今はもう

報道ステーションで、ゆうこさんについてオンエアされるというので、22時からテレビの前で待ち構えていました。特集名は「さよなら〜夫婦の物語」。小林桂樹さん、今敏さんのエピソードにつづいて、ゆうこさんの話がありました。


いきなり、ゆうこさんの写真(水色の着物姿)が映し出されたあと、穂村弘さんを相手ににこにこてきぱき話してるゆうこさんの映像が流されました。もう絶句でした。そして、紅さん、淳さんの落ち着いたコメントにつづいて、目を真っ赤にして鼻をすすりながら語る永田さんのアップ。先日の「おはよう日本」でのオンエアのときよりは、アナウンサーのゆうこさんの歌の朗読がまともだったなあ。


それにしても、映像というのは残酷だ。あんなふうににこにこと話しているゆうこさんは、今はもういない。それなのに。映像は、あまりにもリアルで。

さよなら〜夫婦の物語
http://www.tv-asahi.co.jp/dap/bangumi/hst/feature/detail.php?news_id=10566

歌人河野裕子さん

現代女性歌人の第一人者である河野裕子さん。科学者の夫・永田和弘さんもまた歌人だ。宮中での歌会始では、夫婦で“選者”を務めてきた。2人が出会ったのは、京都の学生時代。【たとへば君 ガサッと落葉すくふやうに私をさらつて行つてはくれぬか】。和弘さんは「“君”が誰なのか良くわからなかった。彼女は、朗らかだったけど、折れそうな感じ。『俺がいてやらなければ』というのは非常に大きかった」と話す。そんな和弘さんへの裕子さんの口癖は『鰯と秋刀魚の区別がつかない』『私が面倒をみてあげないと、どうしようもない』だったと長男の淳さんが明かす。2000年9月、裕子さんは乳がんと診断され、その後、転移も見つかった。和弘さんは「めちゃくちゃな時期があった。
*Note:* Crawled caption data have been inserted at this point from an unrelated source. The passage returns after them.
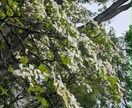 誰にも話せない悩みを否定せず30分お聴きします 話すだけで頭が整理され確実に次の一歩が見えます イメージ4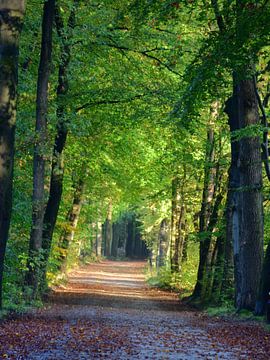 Une avenue à travers la forêt sur Gerard de Zwaan
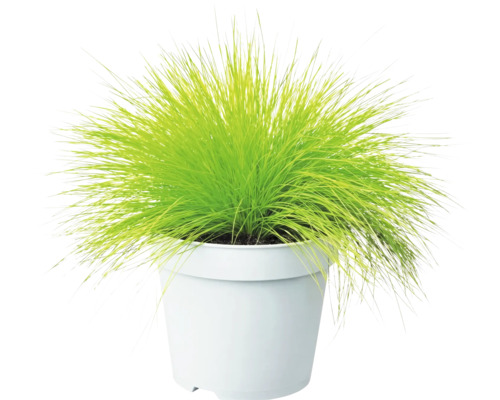 Metlička křivolaká Deschampsia flexuosa 'Amilime' květináč 2 l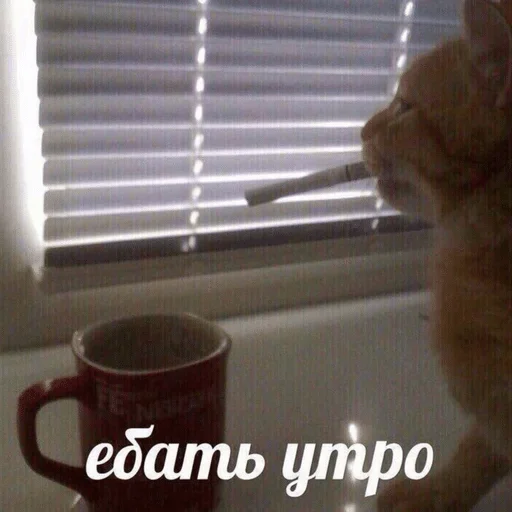 кошка комнатный животное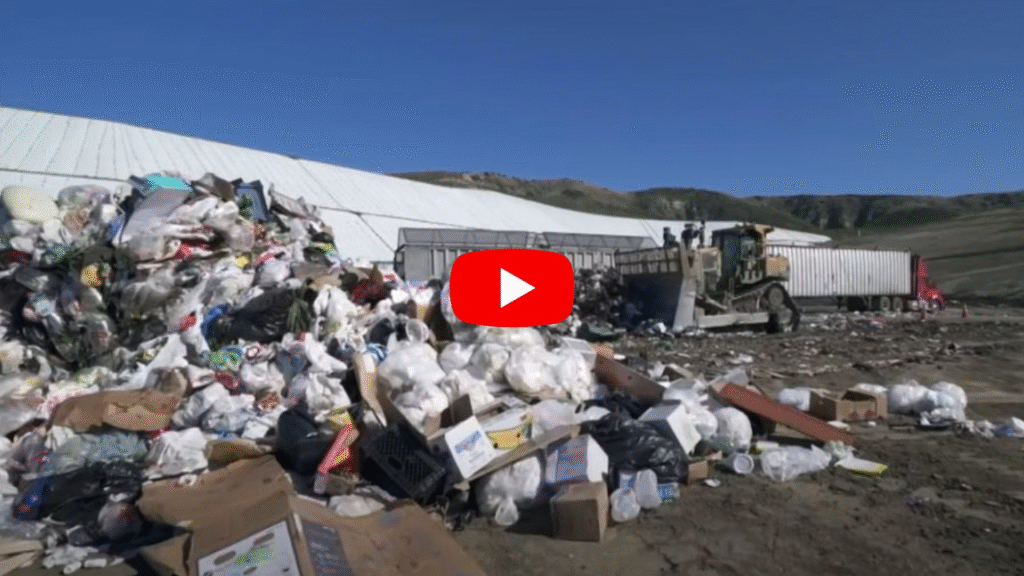 Junk Removal Comapany Junk Removal | Cleanout | Demolition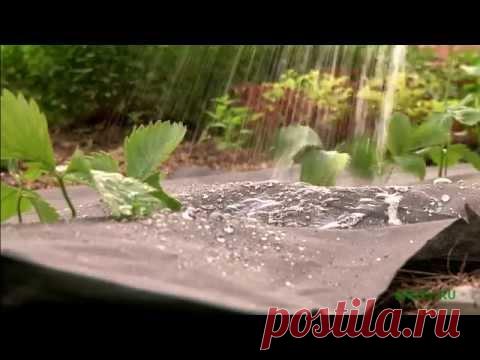 Как выращивать клубнику | Огород и сад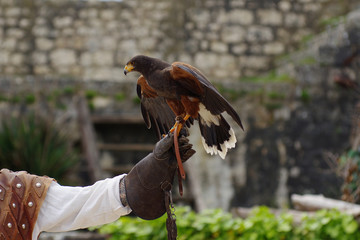 bird on the hand medieval show provin france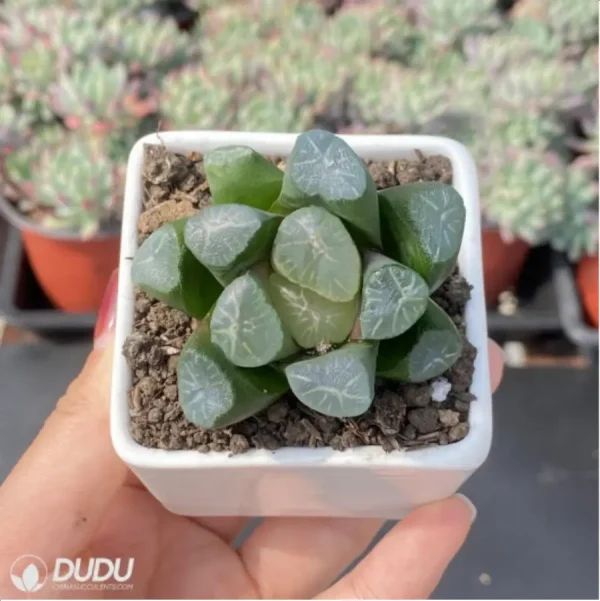 Haworthia Ice and Fire - Image 3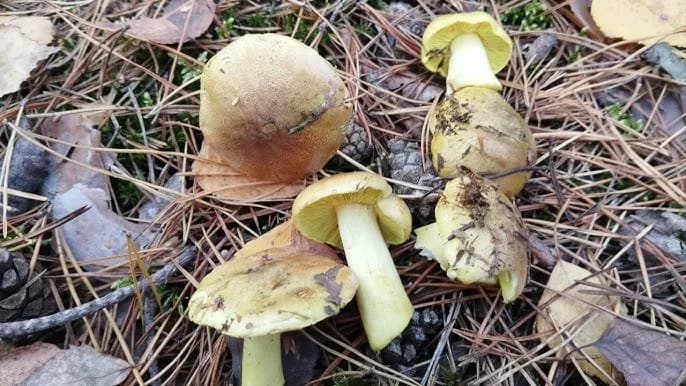 Gąska rozgówata w lesie - jak bezpiecznie zbierać i rozpoznawać gatunki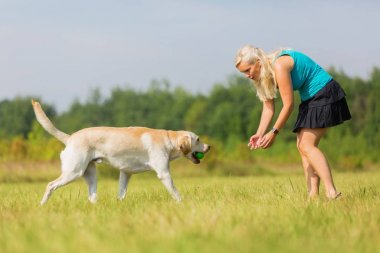 Olgun kadın bir labrador ile açık havada çalış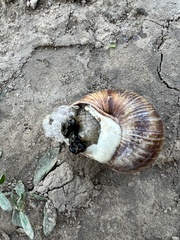 Helix lucorum
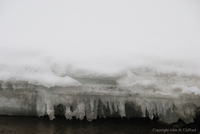 Icicles on the river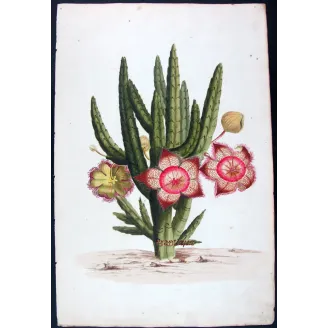 18th-Century Botanical Watercolors – Set of 4 Antique Masterpieces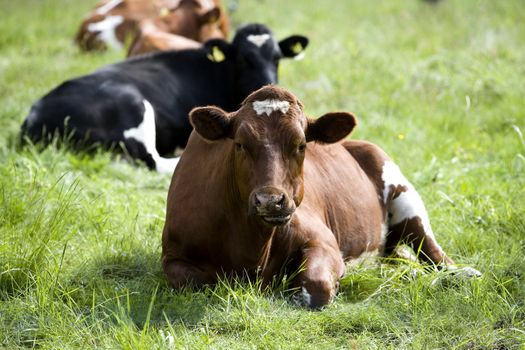 Tranquil Scene with Domestic cows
彼女を制御することが、自分にも彼女自身にも出来なくて。地獄だった」と話す。命の期限を感じたとき、裕子さんの心残りは、和弘さんのことだった。

裕子さんは、薬の副作用で食事が出来なくなっても、台所に立ち続けた。【ごはんを炊く 誰かのために死ぬ日までごはんを炊けるわたしでゐたい】。裕子さんを支えたのは、40年間密かに抱き続けた想いだった。淳さんは「父は3歳で母をなくしているから、母親の愛情みたいなのが受けられない人だった。『私が、この人を守ってあげなくては駄目』という意識が母にはあった」と話す。生前、裕子さんは「私がしなければならないことは、永田和弘という人を一日でも長生きさせること」と話している。和弘さんは「裕子さんは、『自分は生きられないけど、あなたが生きていれば、私が生きていることになる』と思っていた」と話す。亡くなる前日、家族にお別れを告げた裕子さん。そのときのかすかなつぶやきを和弘さんは書き留めた。